* [Data for processing]
_____

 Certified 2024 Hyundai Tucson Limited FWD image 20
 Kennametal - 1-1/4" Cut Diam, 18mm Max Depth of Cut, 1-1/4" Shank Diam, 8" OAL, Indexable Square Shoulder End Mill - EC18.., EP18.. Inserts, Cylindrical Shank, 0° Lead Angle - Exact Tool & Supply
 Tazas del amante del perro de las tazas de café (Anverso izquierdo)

_____

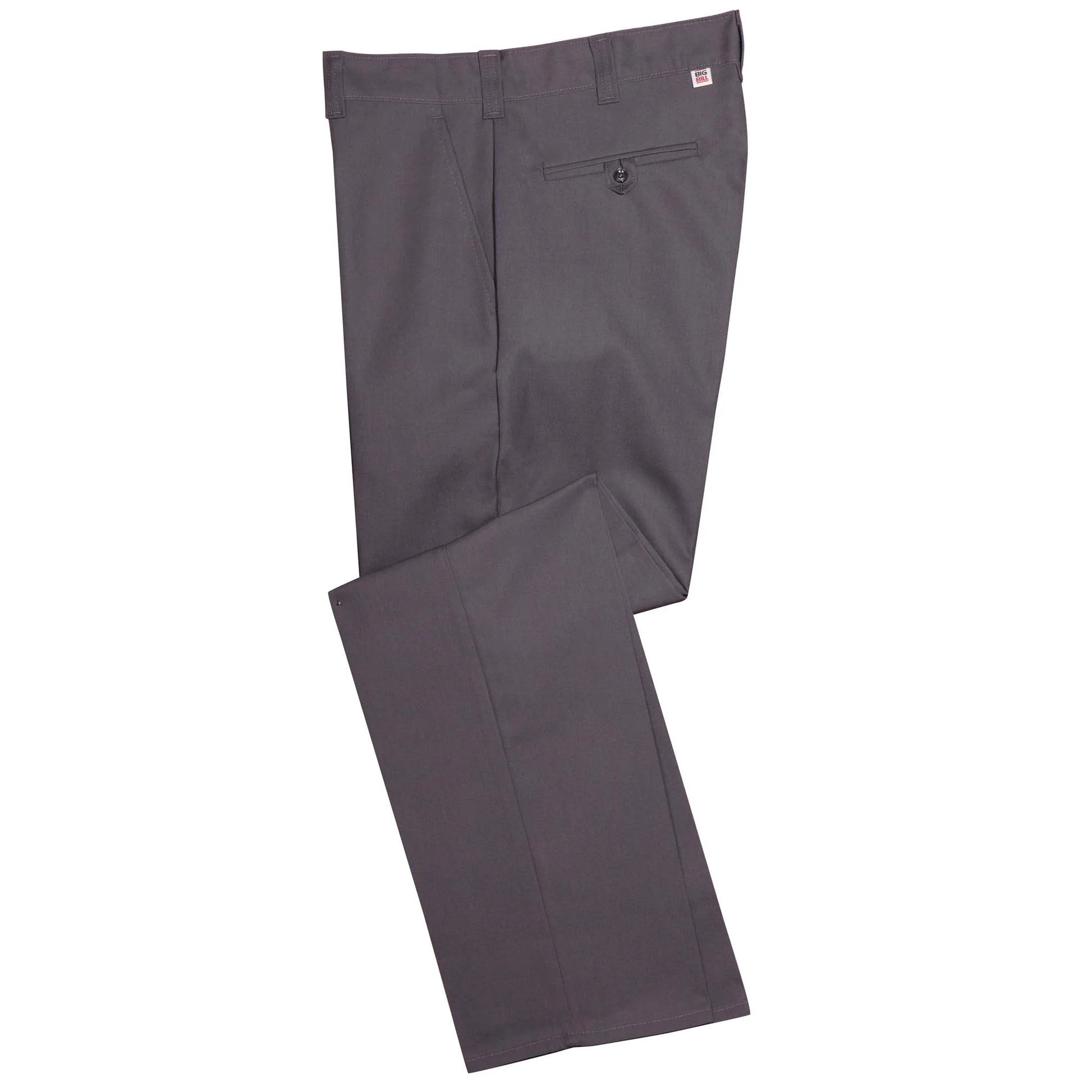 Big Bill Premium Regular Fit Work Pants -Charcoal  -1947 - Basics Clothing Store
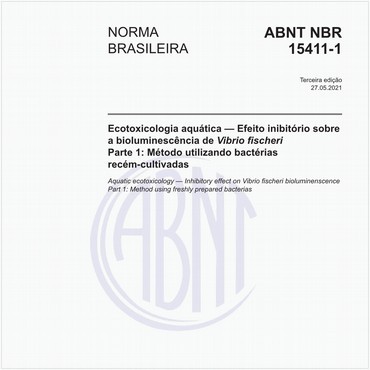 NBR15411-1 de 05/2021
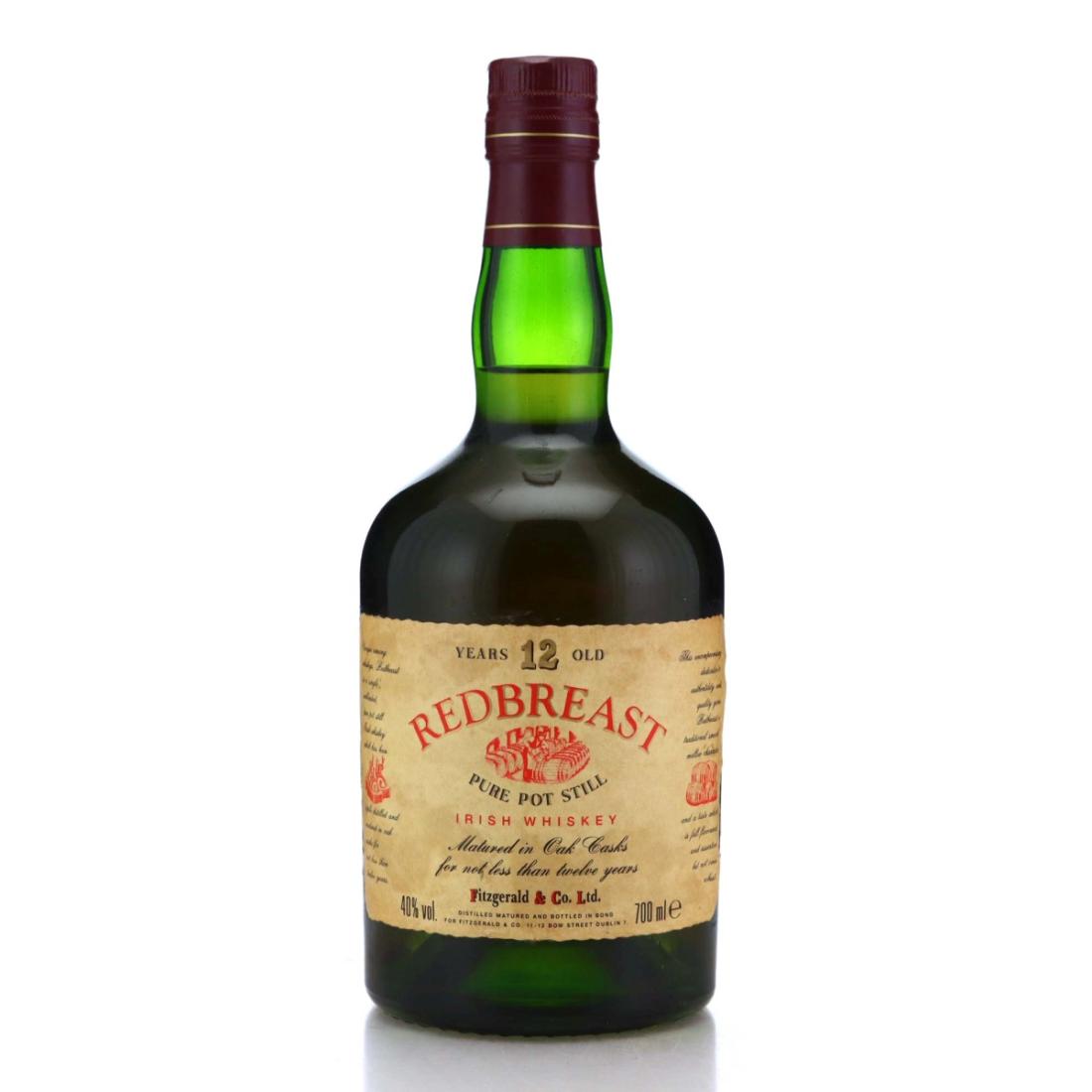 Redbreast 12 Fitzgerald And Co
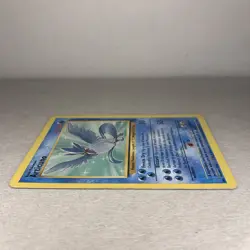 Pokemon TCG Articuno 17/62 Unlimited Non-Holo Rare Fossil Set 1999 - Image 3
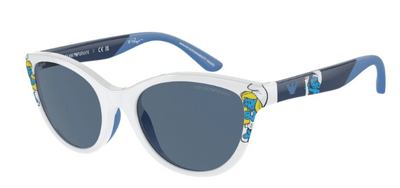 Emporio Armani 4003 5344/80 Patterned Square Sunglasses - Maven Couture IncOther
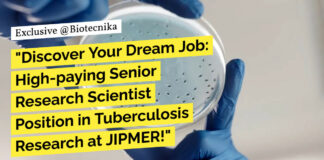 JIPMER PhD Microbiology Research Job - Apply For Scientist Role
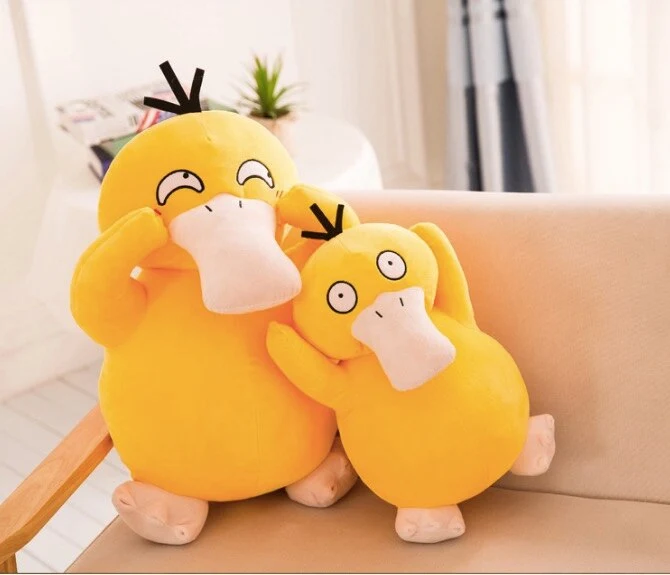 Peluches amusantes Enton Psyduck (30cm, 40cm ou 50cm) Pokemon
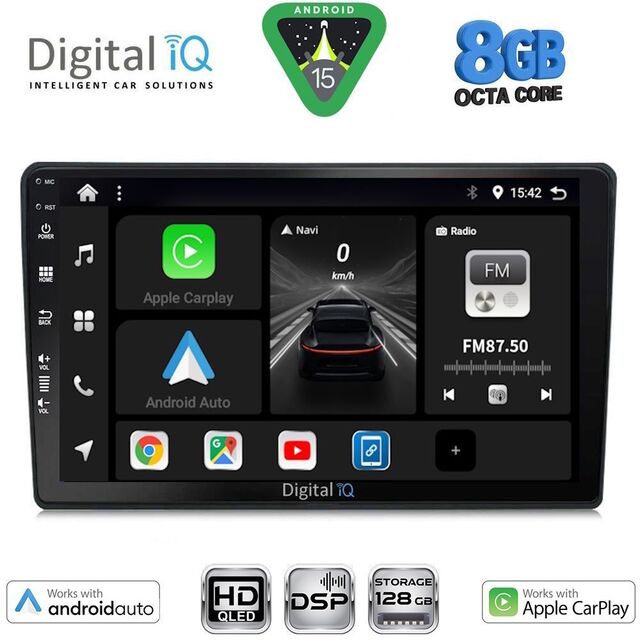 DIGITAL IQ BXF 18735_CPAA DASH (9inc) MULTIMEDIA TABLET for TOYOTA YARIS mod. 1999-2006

_____

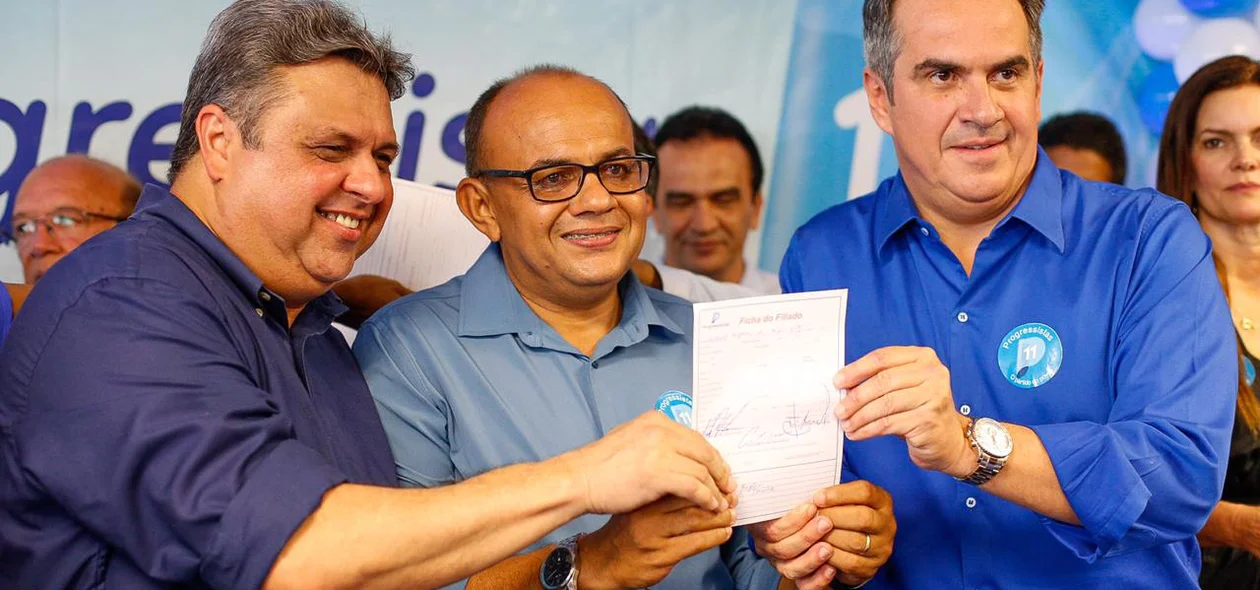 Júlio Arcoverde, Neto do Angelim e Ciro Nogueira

_____

* [Exercise details] After locating the line containing "JIPMER PhD Microbiology" in the entries above, return it and every line after it exactly, ending at the line containing "DIGITAL IQ BXF", without pictures.

* [Response to this task]
 JIPMER PhD Microbiology Research Job - Apply For Scientist Role
 Peluches amusantes Enton Psyduck (30cm, 40cm ou 50cm) Pokemon
 DIGITAL IQ BXF 18735_CPAA DASH (9inc) MULTIMEDIA TABLET for TOYOTA YARIS mod. 1999-2006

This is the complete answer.